Intermittent Series (high zeros_ratio and cv_interarrival > 0.5): Traditional linear models are discarded, and specialized variants like Croston or TSB (Teunter-Syntetos-Babai) are selected to predict the magnitude and time between demands precisely.
Regular Series with Seasonality: A Holt-Winters (ETS) model is trained to capture periodic seasonal patterns.
Regular Series without Clear Seasonality: autoARIMA is used to adjust optimal autoregressive parameters.
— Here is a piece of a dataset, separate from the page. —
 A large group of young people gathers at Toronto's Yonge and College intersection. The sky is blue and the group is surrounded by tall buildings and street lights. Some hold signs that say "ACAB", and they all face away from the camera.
High-Level API Consumption

External orchestrators invoke the library in a straightforward way by passing a pandas DataFrame and the desired horizon:

from VA_Proyecciones.proyeccion.generar import pronosticar_serie

resultado = pronosticar_serie(
    serie_id="sku_8824__almacen_gdl1",
    data=df_historico,      # DataFrame with columns ["fecha", "cantidad"]
    horizon=8,              # Months to forecast
    freq="M",               # Monthly frequency
)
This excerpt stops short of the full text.